Which one is more fundamental in nature: matter or radiation?
He basically shows that a local symmetry of the matter field described by Dirac equation will directly give as a consequence the existence of the gauge boson field, here photon.
This is wrong. There are perfectly well-defined theories where you have matter fields but no gauge fields. And vice-versa: we have perfectly well-defined theories of gauge fields with no matter. These two objects are conceptually independent, and the presence of one does not imply the existence of the other.
The correct statement is that the presence of matter fields provide a natural motivation for gauge fields. But the opposite statement is also true: the presence of gauge fields provides a natural motivation for matter fields, so both these objects are at the same conceptual level: neither of them implies the other, and they are both good enough in order to motivate the other. Form a logical point of view, neither of these fields is more fundamental than the other.
Can we say that radiation has evolved from matter? Does this contradict our cosmological models that say the early universe has been radiation dominated, now matter dominated, and in the future vacuum dominated?
Apple and oranges. The fact that the energy density of massless particles, of massive particles, and of the cosmological constants evolve through different powers of the red-shift parameter $z$ has nothing to do with one being more fundamental than the rest.
''He basically shows that a local symmetry of the matter field described by Dirac equation will directly give as a consequence the existence of the gauge boson field, here photon.''
But it is the local symmetry, not the matter field, that is responsible for the existence of the gauge boson field. Indeed, the local symmetries of a quantum field theory are in a 1-1 correspondence with the gauge boson fields.
Thus it is the assumption of local symmetry that forces the photon, not the presence of matter. There are lots of (perturbatively defined, nonrenormalizable) relativistic quantum field theories involving matter but no radiation.
In nature, both matter and radiation are fundamental.
This is a Chicken and Egg problem.
Geometrically, it is more natural to say that Gauge bosons (radiation) are consequence of having Gauge symmetry in fermions (matter). Gauge bosons play a role of connection in a vector bundle formed by fermions and their transformation properties. In fact, the boson kinetic term in Gauge theories is none less than the product of the curvature tensors!
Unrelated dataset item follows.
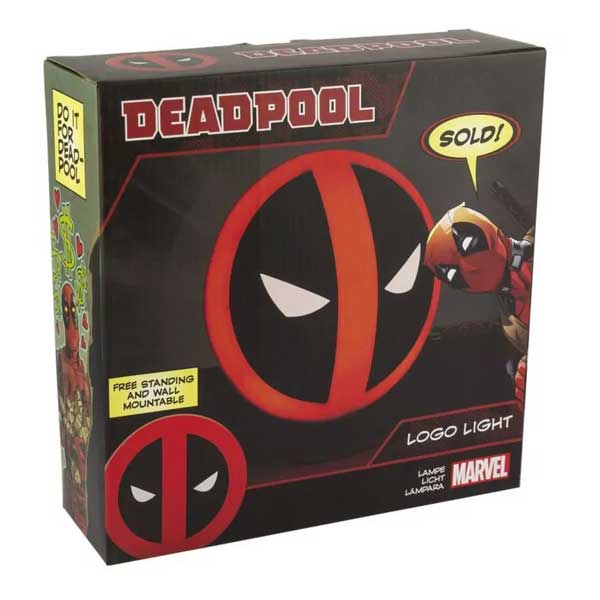 Lámpa Logo Light Deadpool (Marvel)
More over, there is a simple reason for having Gauge-invariant matter: the local phase in QM must have no effect on the measurements since it disappears from the probability. This is another explanation of starting from the fermions and getting bosons from the gauge symmetry.
QFT has very profound geometrical aspects. Although, it is a quite a big detour, I'd recommend taking a look at some Differential Geometry textbooks. My favorite is "The Geometry of Physics: An Introduction" by T. Frankel.